_To do_:
Repeat the listing word for word, but skip any pictures.

_Dataset content_:

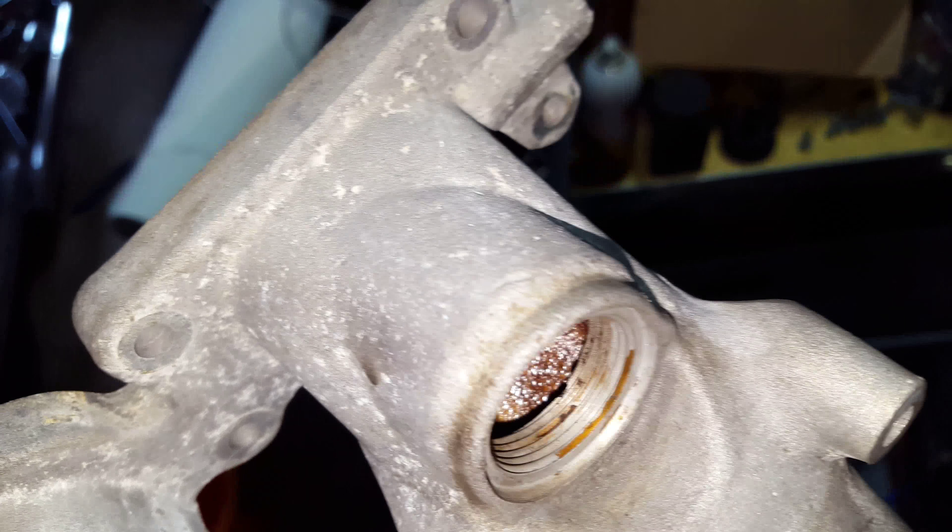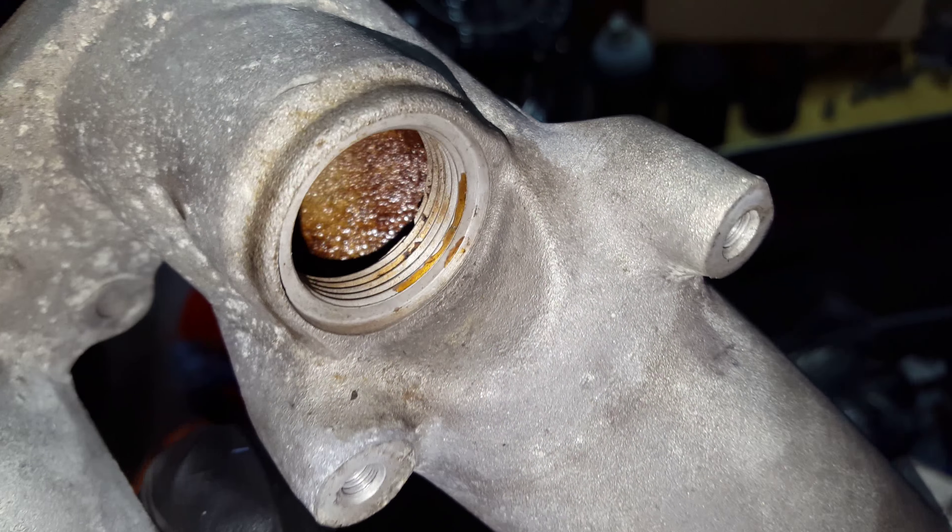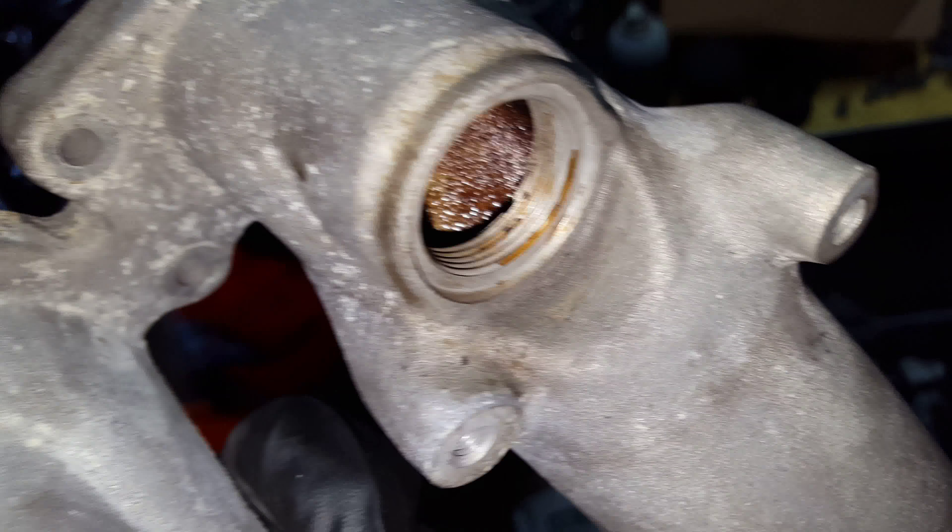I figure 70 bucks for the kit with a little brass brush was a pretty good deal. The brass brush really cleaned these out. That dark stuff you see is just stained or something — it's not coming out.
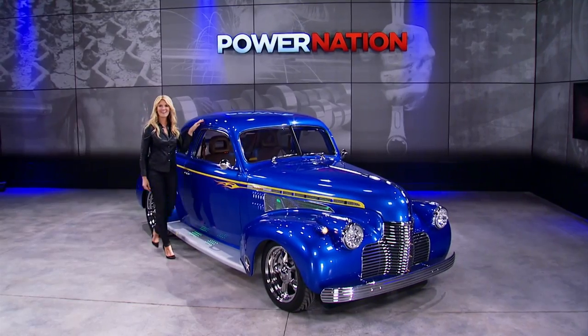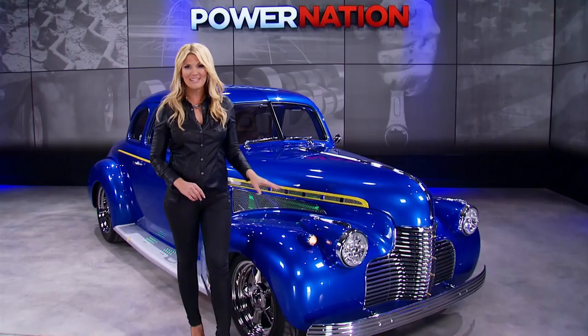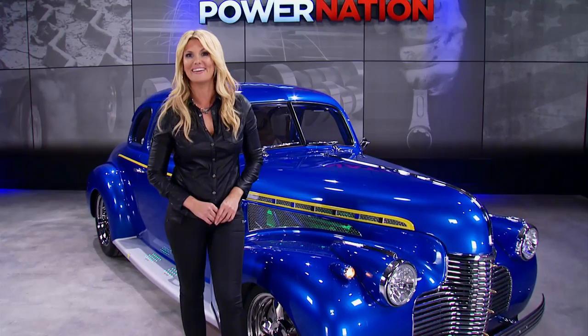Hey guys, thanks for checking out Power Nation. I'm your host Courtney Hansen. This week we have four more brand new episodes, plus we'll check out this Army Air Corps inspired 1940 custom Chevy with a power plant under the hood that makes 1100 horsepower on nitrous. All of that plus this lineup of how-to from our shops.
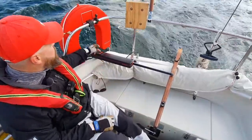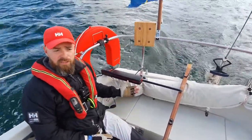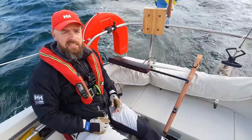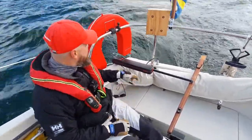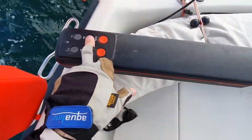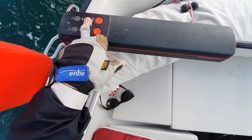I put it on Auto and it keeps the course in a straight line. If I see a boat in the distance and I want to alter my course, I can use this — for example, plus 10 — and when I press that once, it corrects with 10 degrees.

_Response to the exercise_:
I figure 70 bucks for the kit with a little brass brush was a pretty good deal. The brass brush really cleaned these out. That dark stuff you see is just stained or something — it's not coming out.
Hey guys, thanks for checking out Power Nation. I'm your host Courtney Hansen. This week we have four more brand new episodes, plus we'll check out this Army Air Corps inspired 1940 custom Chevy with a power plant under the hood that makes 1100 horsepower on nitrous. All of that plus this lineup of how-to from our shops.
I put it on Auto and it keeps the course in a straight line. If I see a boat in the distance and I want to alter my course, I can use this — for example, plus 10 — and when I press that once, it corrects with 10 degrees.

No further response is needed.